» Your goal: In this exercise, the entries below include pictures. Repeat exactly the lines from the line with "За грубейшие нарушения" to the line with "Vente Maison de village 4 pièces", including both, but without the pictures.

» Entries provided:
━━━━━━━━━━

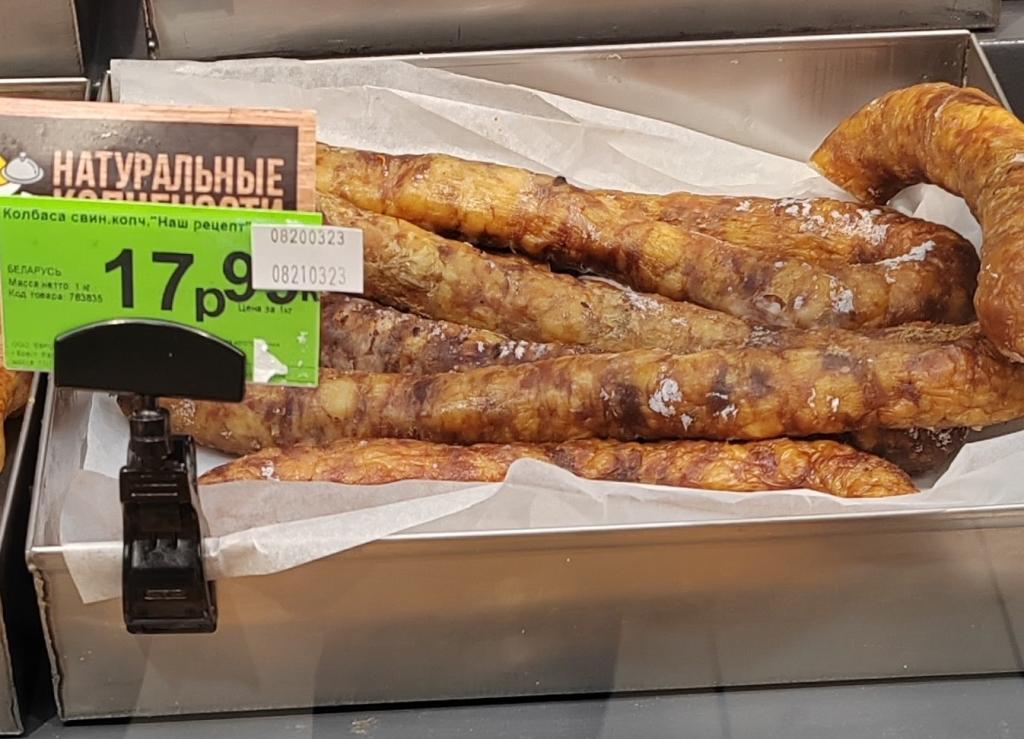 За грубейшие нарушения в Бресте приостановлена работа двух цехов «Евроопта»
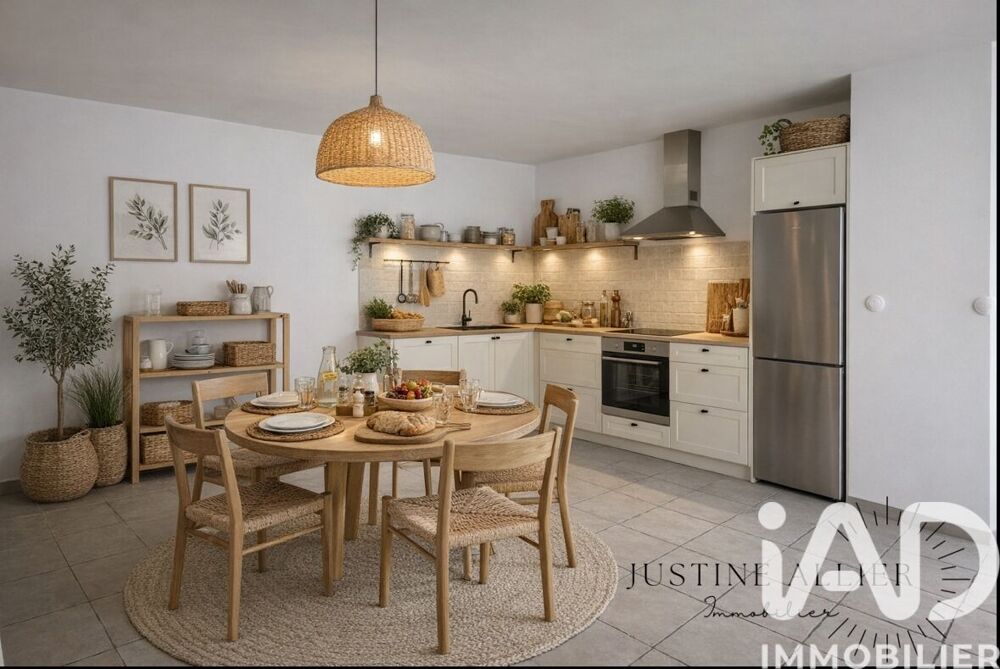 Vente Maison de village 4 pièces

━━━━━━━━━━

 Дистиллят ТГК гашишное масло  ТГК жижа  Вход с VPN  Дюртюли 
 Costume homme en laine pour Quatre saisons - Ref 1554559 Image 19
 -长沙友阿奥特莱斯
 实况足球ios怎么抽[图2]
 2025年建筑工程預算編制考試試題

━━━━━━━━━━

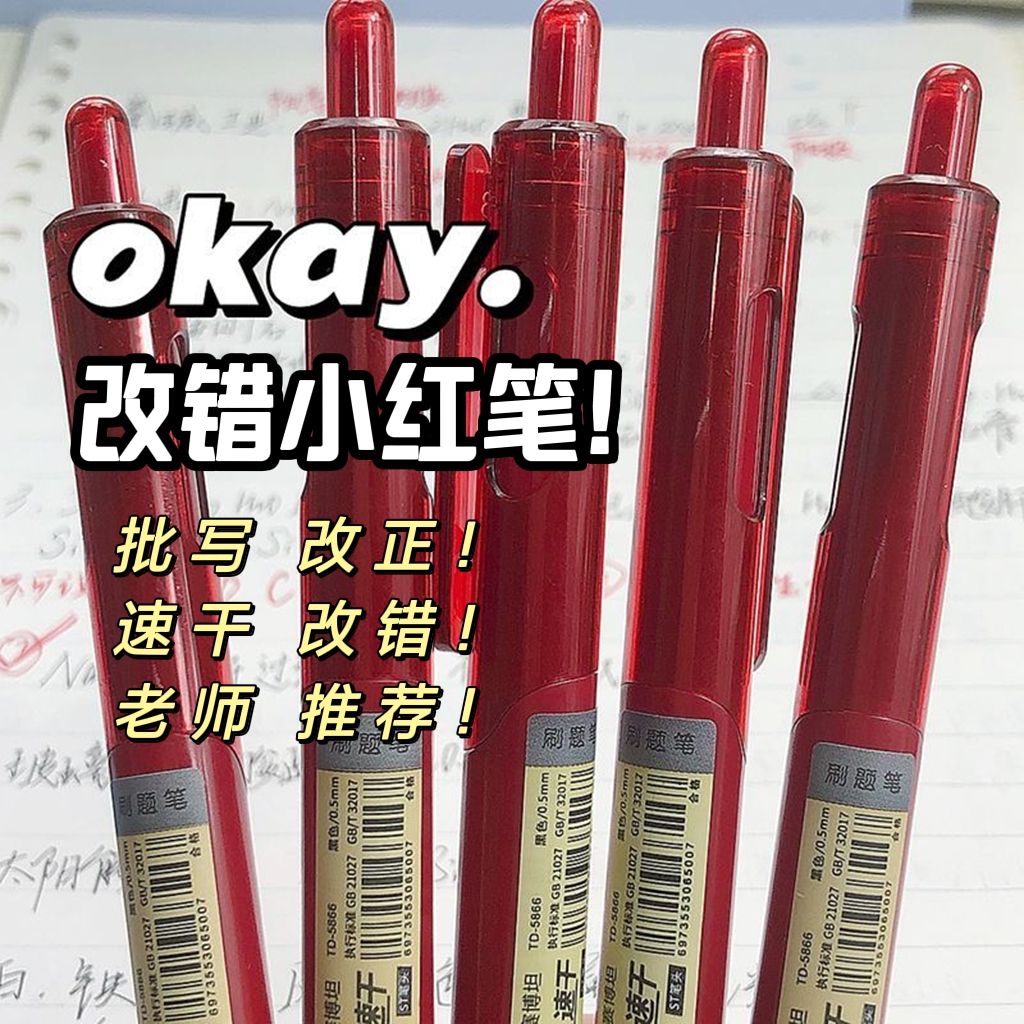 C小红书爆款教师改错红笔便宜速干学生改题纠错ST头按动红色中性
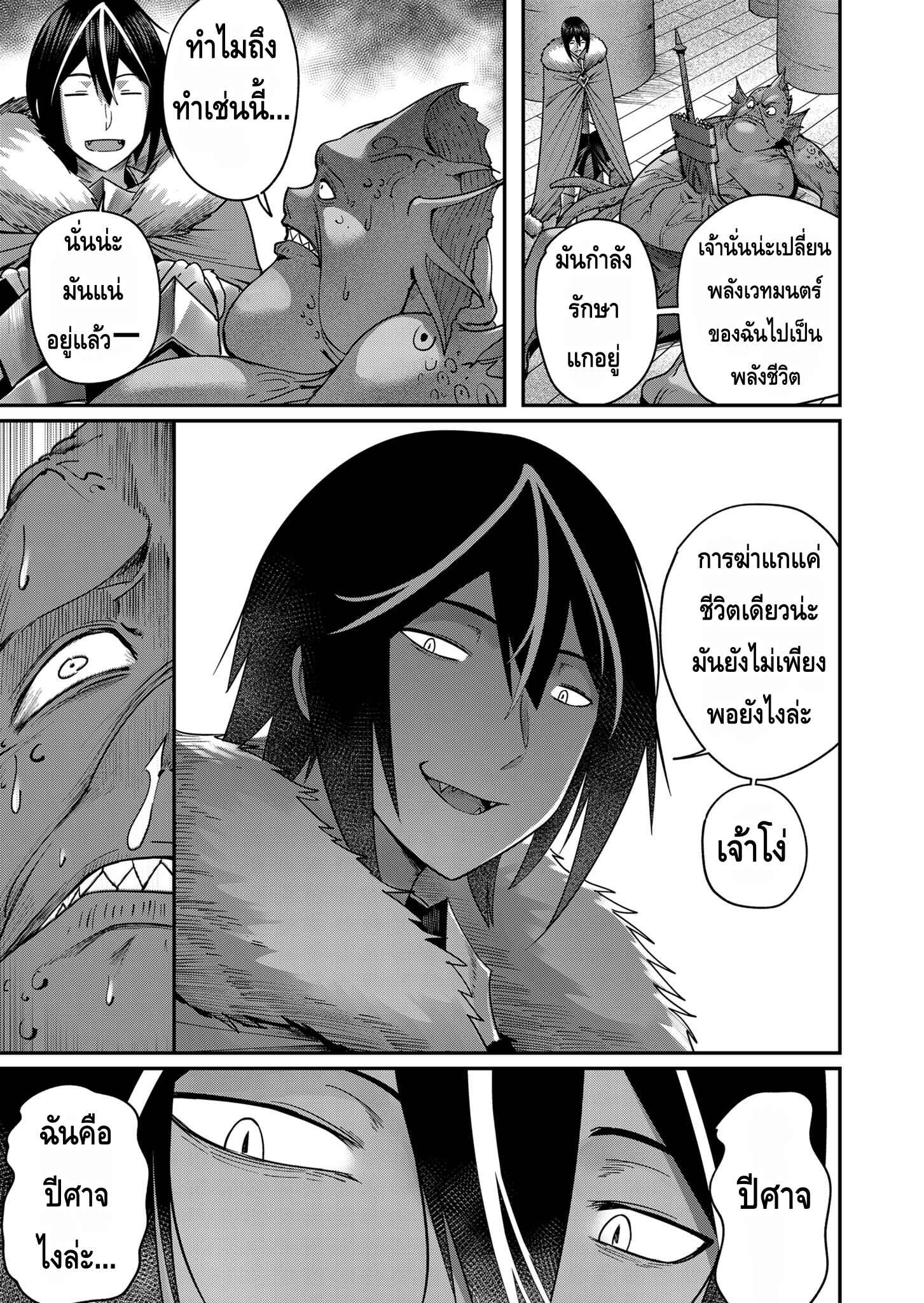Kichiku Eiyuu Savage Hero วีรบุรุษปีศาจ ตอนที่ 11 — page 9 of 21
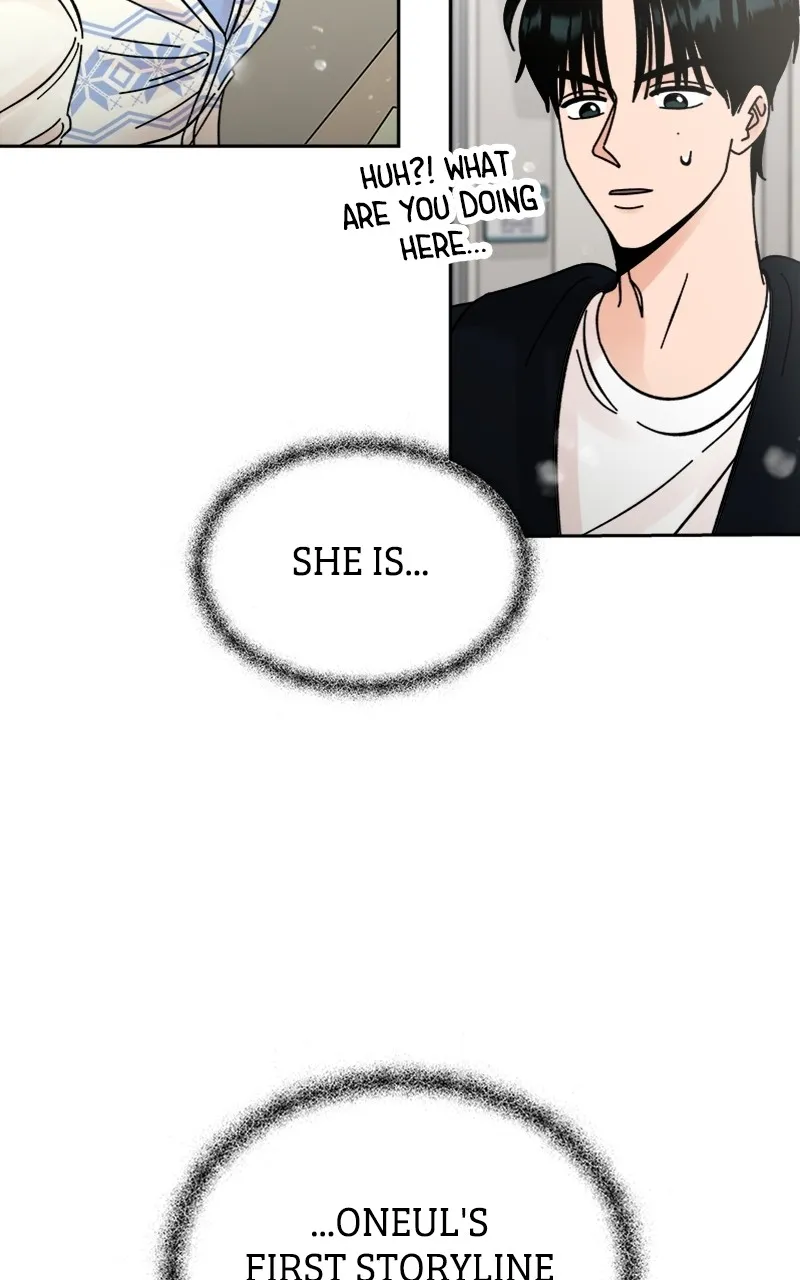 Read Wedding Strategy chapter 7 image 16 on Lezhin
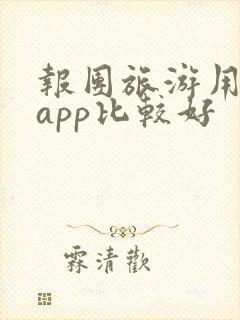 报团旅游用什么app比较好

━━━━━━━━━━

» Solution:
 За грубейшие нарушения в Бресте приостановлена работа двух цехов «Евроопта»
 Vente Maison de village 4 pièces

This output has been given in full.